KLIKINDONESIA(BELTIM)
Manggar,Beltim - Adat budaya adalah hasil karya adiluhung para pendahulu kita, berupa tatanan sosial dalam berkehidupan masyarakat yang penuh dengan nilai atau norma berdasarkan kearifan lokal, untuk memudahkan kehidupan yang sedang berlangsung agar terasa tertib dan beradab, menuju kesejahteraan bersama.
Penulis berdasarkan pengamatan sekitar lingkungan tempat tinggalnya, di Belitung Timur, mencoba menuangkan hasil pengamatan selama beberapa tahun terakhir ini kedalam tulisan.
Maksud dan tujuan tulisan ini, bukan lain adalah mencoba mengajak dan menggugah kesadaran orang orang asli pulau Belitong, yang notabene adalah melayu ataupun asimilasi melayu itu sendiri.
Pada dasarnya orang asli Belitong yang biasa dikenal dengan istilah Urang Belitong, adalah pribadi-pribadi yang sangat ramah dan terbuka, yang dulunya sangat menjunjung tinggi nilai-nilat adat dan budayanya.
Berdasarkan pengalaman masa kecil penulis dulu, urang Belitong sangat menjaga segala tingkah laku , ucapan, adab dan sopan santunnya terhadap sesama urang Belitong, hal tersebut dicerminkan dari mulai gotong-royong, bahasa keseharian, sapaan panggilan, ucapan salam, gestur tubuh di hadapan orang yang lebih tua, kepatutan terhadap nasehat dari yang lebih tua dan banyak lagi hal yang lain sebagainya.
Tak hanya itu saja, dulunya Urang Belitong sangat menghormati adat dan budayanya, seperti kepercayaan yang masih sangat tinggi terhadap jabatan sosial berupa dukun kampong, yang menjadi tetua adat di tiap kampong, yang selalu dimintai kesediaannya untuk menjampikan orang sakit, membuka lahan untuk berkebun, melakukan kegiatan hajatan, kegiatan untuk turun ke sungai atau laut dan lain-lainnya.

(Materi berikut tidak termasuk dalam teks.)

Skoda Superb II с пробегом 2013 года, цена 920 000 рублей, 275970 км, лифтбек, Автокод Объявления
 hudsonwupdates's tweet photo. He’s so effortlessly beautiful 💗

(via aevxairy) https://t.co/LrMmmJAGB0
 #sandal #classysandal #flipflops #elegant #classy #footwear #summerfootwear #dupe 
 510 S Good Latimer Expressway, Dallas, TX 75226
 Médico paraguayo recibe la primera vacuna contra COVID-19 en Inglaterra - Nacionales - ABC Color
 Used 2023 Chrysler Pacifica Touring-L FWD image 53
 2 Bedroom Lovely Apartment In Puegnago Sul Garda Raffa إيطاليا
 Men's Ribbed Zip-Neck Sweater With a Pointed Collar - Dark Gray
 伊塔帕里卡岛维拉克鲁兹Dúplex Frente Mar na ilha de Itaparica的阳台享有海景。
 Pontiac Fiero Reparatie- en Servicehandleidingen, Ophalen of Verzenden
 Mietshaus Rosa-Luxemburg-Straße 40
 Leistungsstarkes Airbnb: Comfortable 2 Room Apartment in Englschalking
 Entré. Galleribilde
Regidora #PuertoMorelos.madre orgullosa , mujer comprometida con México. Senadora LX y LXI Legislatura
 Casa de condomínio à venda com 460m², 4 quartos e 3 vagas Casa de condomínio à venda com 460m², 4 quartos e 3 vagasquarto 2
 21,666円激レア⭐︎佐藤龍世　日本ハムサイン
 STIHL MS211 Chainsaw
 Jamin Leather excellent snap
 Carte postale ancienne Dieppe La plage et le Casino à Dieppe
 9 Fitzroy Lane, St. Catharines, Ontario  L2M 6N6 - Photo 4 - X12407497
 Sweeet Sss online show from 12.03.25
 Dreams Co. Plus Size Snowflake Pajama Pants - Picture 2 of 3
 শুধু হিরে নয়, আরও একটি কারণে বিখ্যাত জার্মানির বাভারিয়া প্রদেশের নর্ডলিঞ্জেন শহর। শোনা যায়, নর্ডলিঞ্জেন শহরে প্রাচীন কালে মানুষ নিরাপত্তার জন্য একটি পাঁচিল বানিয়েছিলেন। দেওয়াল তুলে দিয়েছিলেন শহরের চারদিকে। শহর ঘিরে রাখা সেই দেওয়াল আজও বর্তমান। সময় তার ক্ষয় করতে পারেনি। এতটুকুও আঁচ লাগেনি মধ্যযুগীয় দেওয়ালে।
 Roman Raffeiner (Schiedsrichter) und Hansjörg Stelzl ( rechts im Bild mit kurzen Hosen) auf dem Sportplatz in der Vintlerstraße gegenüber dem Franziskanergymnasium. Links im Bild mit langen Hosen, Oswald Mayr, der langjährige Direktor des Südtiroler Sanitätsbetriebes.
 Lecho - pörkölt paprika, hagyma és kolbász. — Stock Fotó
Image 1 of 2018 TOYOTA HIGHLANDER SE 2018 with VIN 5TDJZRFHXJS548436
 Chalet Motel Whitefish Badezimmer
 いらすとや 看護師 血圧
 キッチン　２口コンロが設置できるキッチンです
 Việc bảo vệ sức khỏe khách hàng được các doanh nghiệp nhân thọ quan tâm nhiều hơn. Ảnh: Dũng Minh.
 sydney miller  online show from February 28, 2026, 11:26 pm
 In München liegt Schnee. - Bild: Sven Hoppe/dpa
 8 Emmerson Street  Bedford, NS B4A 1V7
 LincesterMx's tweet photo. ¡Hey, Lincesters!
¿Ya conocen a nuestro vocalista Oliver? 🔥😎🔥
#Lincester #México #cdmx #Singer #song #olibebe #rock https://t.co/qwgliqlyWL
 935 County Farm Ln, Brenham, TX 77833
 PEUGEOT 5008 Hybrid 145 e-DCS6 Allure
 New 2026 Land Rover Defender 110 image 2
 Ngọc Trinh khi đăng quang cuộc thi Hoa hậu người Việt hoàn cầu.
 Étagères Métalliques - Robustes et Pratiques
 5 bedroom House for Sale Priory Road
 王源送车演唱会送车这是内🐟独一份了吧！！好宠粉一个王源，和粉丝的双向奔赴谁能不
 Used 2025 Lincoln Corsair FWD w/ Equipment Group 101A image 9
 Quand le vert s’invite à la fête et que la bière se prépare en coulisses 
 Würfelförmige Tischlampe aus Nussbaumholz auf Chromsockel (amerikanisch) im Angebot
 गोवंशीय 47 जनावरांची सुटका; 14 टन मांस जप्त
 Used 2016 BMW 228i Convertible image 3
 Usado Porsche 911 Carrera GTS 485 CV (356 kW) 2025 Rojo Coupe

Budaya kesenian, berupa seni bahasa pantun, musik dan lagu, tarian serta atraksi seni bela diri, masih dianggap sakral, apalagi sebagian kegiatan tersebut terkadang bercampur dengan muatan keagamaan, jelas semuanya terasa sakral dan religius.
Dalam seni bahasa pantun diwujudkan dalam sesi berebut lawang dalam prosesi adat perkawinan urang Belitong, begitupun dalam seni musik dan lagu yang direpresentasikan oleh becampak, betiong, gambus dan rebab, sementara seni tarinya dilihat dari tarian daerah seperti besepen, serta seni bela diri yang diperlihatkan sewaktu beripat beregong, sementara untuk upacara adatnya diwujudkan oleh hajatan kampong berupa maras taun.
Itu dulu, namun seiring zaman berjalan dan tekhnologi semakin berkembang, kebiasaan masyarakat pun juga ikut berubah, adat budaya yang sakral dan religius pun, sebagian besar sudah tak terlakukan lagi, hanya sebagian kecil saja yang masih bertahan, dan hal tersebut pun kalah populer dengan modernisasi yang menggantikan hal tersebut.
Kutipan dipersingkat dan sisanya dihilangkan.